Across the Spanish-speaking world on January 6, families and communities came together to celebrate the Día de los Reyes Magos—Three Kings’ Day, also known as Epiphany. In many Hispanic cultures, this day, rather than Christmas, is the main gift-giving occasion of the holiday season. Rather than Santa, the Three Wise Men bring toys and sweets to the children.
Unless those children are in Cuba.
On the communist-ruled island, religious celebrations were banned for decades and have only recently, grudgingly, been permitted under close regime scrutiny. Three Kings’ Day celebrations are still viewed by the regime with intense suspicion.
Thankfully, the Three Wise Men have some help in bringing their gifts to the children of Cuba: a network of free-minded activists both in and outside of Cuba. Every year, opposition movements on the island work together with Cuban-American advocacy organizations to raise funds and surreptitiously purchase toys for distribution—all without being discovered by the regime.

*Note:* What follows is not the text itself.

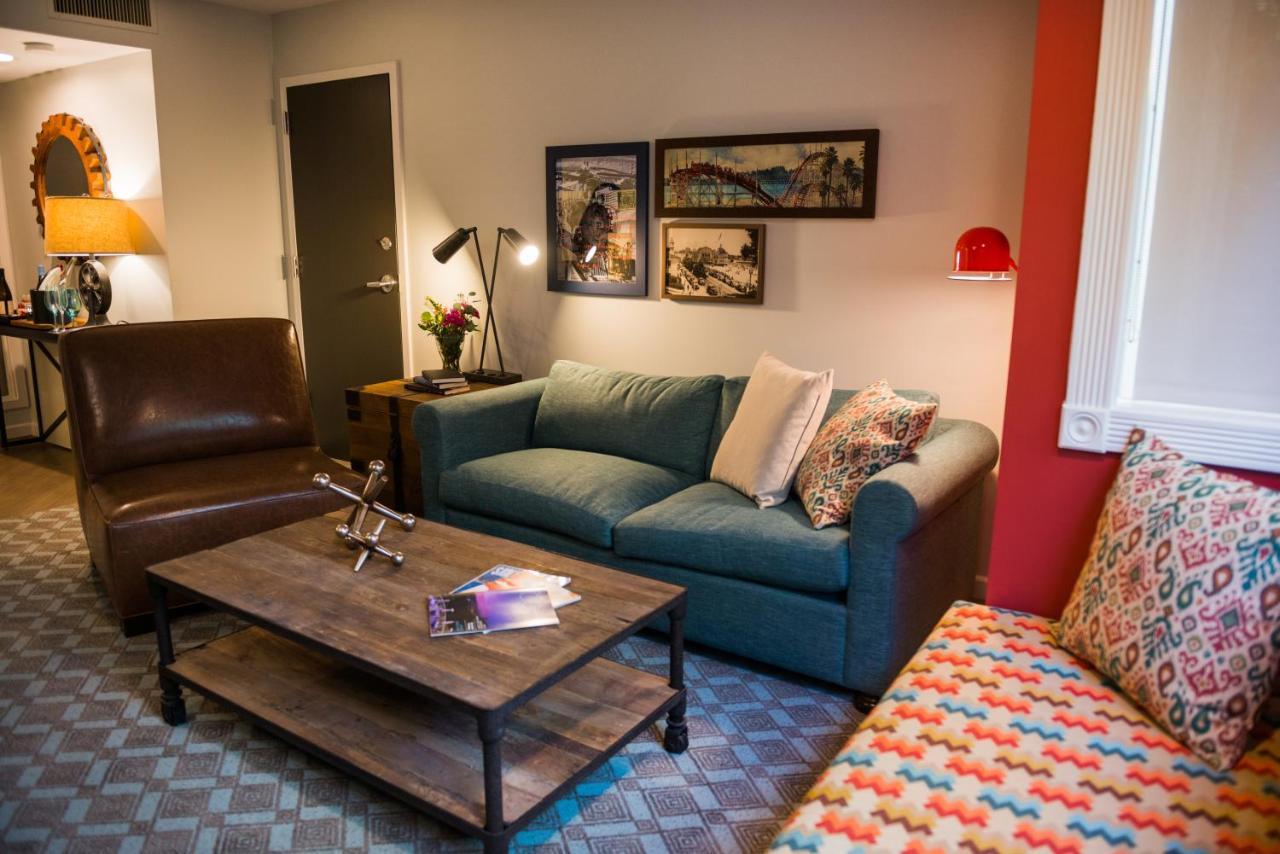 Chaminade Resort & Spa Santa Cruz Extérieur photo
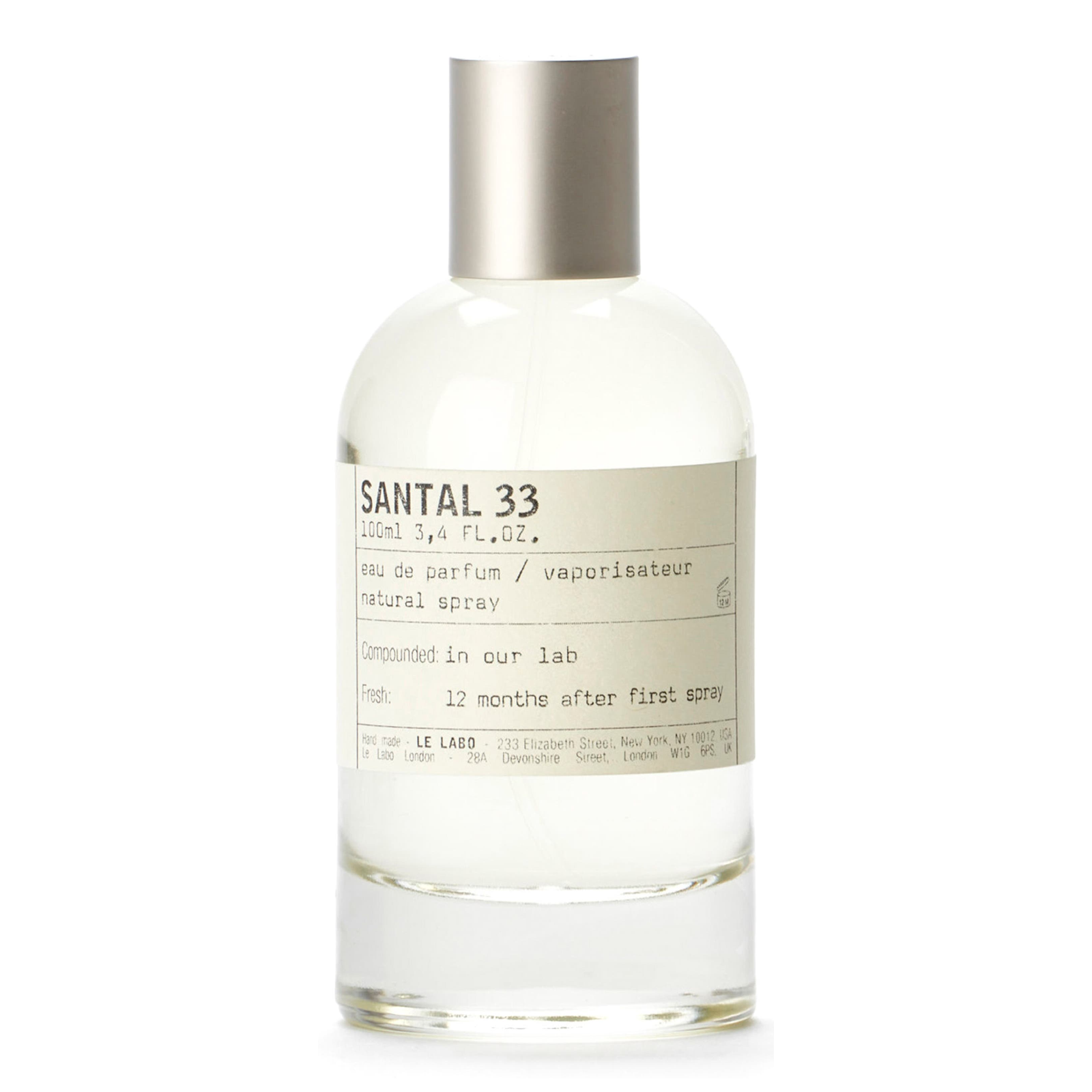 Le Labo Santal 33 Eau de Parfum for Everyone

How do they do it? Dissident spoke to Elisa Cantero, a Special Programs Assistant at the Cuban American National Foundation (CANF), one of the organizations that helps sponsor Three Kings’ Day celebrations in Cuba, who outlined their annual strategy. Because of the difficulty in smuggling American toys into Cuba directly, CANF sends money: $10 per child. “Once they receive the money, our partners buy the toys over several days so the vendor or the regime do not become suspicious,” Cantero explains. “Then, our partners usually organize some type of celebration for the children where they teach the history of the Three Kings, distribute the toys, and celebrate this special tradition.”
Unfortunately, CANF and its partners—including the Sakharov Prize-winning dissident group known as the Ladies in White—are not always successful in keeping their holiday preparations confidential.
“Every year we hear testimonies of partners being arrested, money and toys being stolen, celebrations being shut down. Thus far, we have had a total of $700 stolen from our on-island partners. Last year, government officials entered a partner’s home with weapons during a Three Kings celebration and confiscated all the toys from the children.”
“This is the type of oppression and tyranny we deal with,” laments Cantero.
State security officials will frequently ambush activists outside of Western Union offices, where they go to withdraw the transmitted funds, Cantero adds.
“It is not just about food and toys,” Yuri Pérez, a Latin America expert at the human rights advocacy group Freedom House, told Dissident. “but the fact that it is not the regime’s distribution operation. Thus, it can’t be allowed. The Castros have been able to hold power for decades because of their brutal repression against any independent enterprises. Although this kind of activity seems—and is—very innocent, the regime considers any independent civil society organization’s activities to be a threat.”
In the runup to the holiday, the repression intensified. Lourdes Esquivel, a member of the Ladies in White, was detained on January 5 and her home was raided. “The regime has tried to stop the children from having this little bit of happiness. I’ve been in the capital since Wednesday, and, up until today, the children have been asking us, in front of state security, if we were going to give away toys,” Esquivel told Diario de Cuba.
This weekend, black-bereted state security officers broke into the home of Vladimir Martín Castellanos, a local coordinator for the Patriotic Union of Cuba (UNPACU), at 5:00 a.m. on the morning of the planned celebration. “They took all the toys, sodas, candies, a stereo that I had borrowed for the party we had planned,” Castellanos reported to Martí Noticias. “The party was scheduled for 2:00 p.m. and about 70 children had been invited.”
The homes of Caridad Burunate and other Ladies were effectively “besieged” throughout the day by the police. Other opposition figures, like Nelson Acosta and Felix Navarro of the Pedro Luis Boitel Party, were arrested as well.
Nevertheless, some gatherings were still held successfully—Elisa Cantero provides a series of photos of smiling children in party hats enjoying their candies and newly-donated toys. Most are too young to understand the courage displayed by those who face harassment, imprisonment, and assault to organize such festivities.
There is no shortage of activities that can bring one under the baleful scrutiny of the Castro regime’s state security apparatus. Painting, singing punk rock, organizing non-government labor unions, advocating for the building of a new school, walking to Mass dressed in white, and distributing food to the poor—to name but a few—are all suspicious enough to draw the attention of the regime’s many enforcers throughout Cuba. Stunningly, giving gifts to children on a Christmas holiday can be added to the list as well.